Everyone should be advocating for lung cancer research. 1 in 15 people in the U.S. will be diagnosed with lung cancer in their lifetime. Ivy Elkins is one of those people – read her story.
No one gets elbow cancer
Like so many before her, Ivy Elkins’ road to a lung cancer diagnosis was indirect and complicated. It was the summer of 2013, and she was plagued by pain in her elbow and neck. Visits to her primary care physician, an orthopedist and six months of physical therapy provided little relief. She recalls casually inquiring if it could be cancer.
“No one gets elbow cancer,” she was told.
Ivy did not have elbow cancer, but an MRI revealed that the pain in her elbow was caused by a mass – an adenocarcinoma – which was literally eating away at the joint. In order to discover where the primary cancer was, an orthopedic oncologist ordered a PET scan. Ivy’s primary cancer was in her lung. She had no symptoms and had never smoked.
EGFR and Targeted Therapy
Biomarker testing showed that her lung cancer had the EGFR mutation which made her eligible for a targeted therapy which had been approved by the Food And Drug Administration (FDA) just a few months earlier. Ivy’s treatment plan was simply a daily pill – she would not need to undergo surgery, chemotherapy or radiation. The 47-year-old mom of two tweens was thrilled to have been spared what can be difficult side effects from traditional lung cancer treatments. The targeted therapy kept her disease at bay for three years.
Then Ivy’s cancer began to find its way around the drug.
Because it is not uncommon for the cancer to outsmart the drug, many patients find that their cancer develops resistance to targeted therapy, resulting in the possibility of further metastases and mutations. In Ivy’s case, it was the T790m mutation. And, just as luck was on her side when she was first diagnosed, it was again: just months prior, a therapy targeted to her new mutation had been approved by the FDA, one of the many new therapies approved within the past several years. The importance of ongoing research cannot be understated. Ivy has been on that medication for a year and a half and is doing great.
Advocacy: EGFR Resisters
At the time of her diagnosis, Ivy, a married mom of two boys had been thinking about returning to work in finance. As her treatment began, and she had virtually no side effects, she decided instead to become a lung cancer advocate. And boy did she!
Since her diagnosis, Ivy has completed Advocate Training through the American Association of Cancer Research. She then created and moderates two Facebook groups – close to 500 members strong – where they share information regarding clinical trials and treatments.
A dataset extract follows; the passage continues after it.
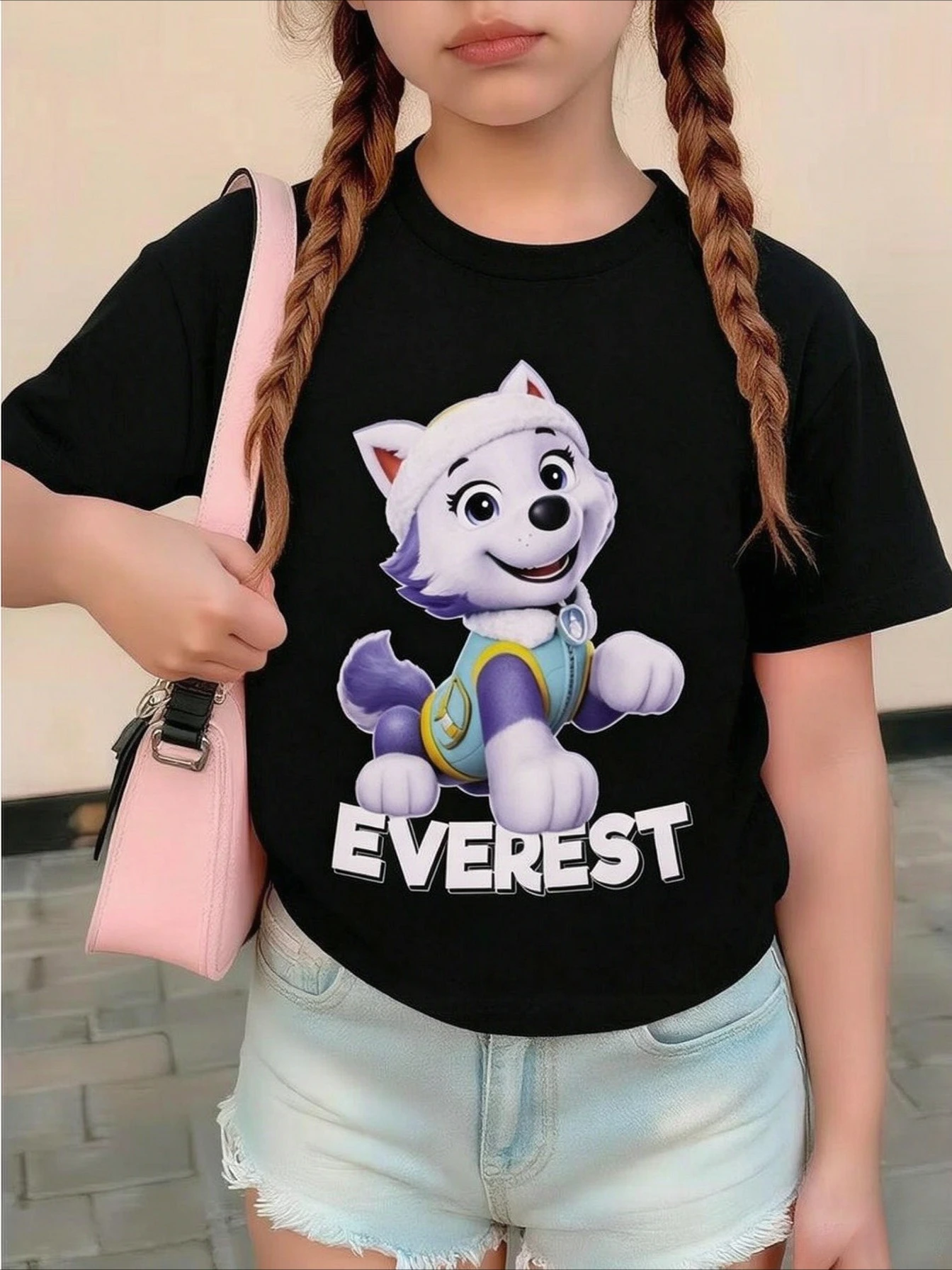 Paw Patrol Everest Children's Girls' T-shirt Cartoon Dog Printed Short Sleeve T-shirt Summer Casual Comfortable Breathable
Their primary goal is to work as a group to get the attention of lung cancer researchers.
She’s had many speaking engagements across not only the United States, but Europe as well. Ivy is even a full voting member of the Department of Defense’s Congressionally Mandated Program for Lung Cancer. And, just recently, she’s become a member of LCFA’s Speakers Bureau where she’s already worked on the Hope With Answers video project.
Ivy is living proof of the importance of ongoing research and is doing more than her part to advocate for herself and her fellow lung cancer patients.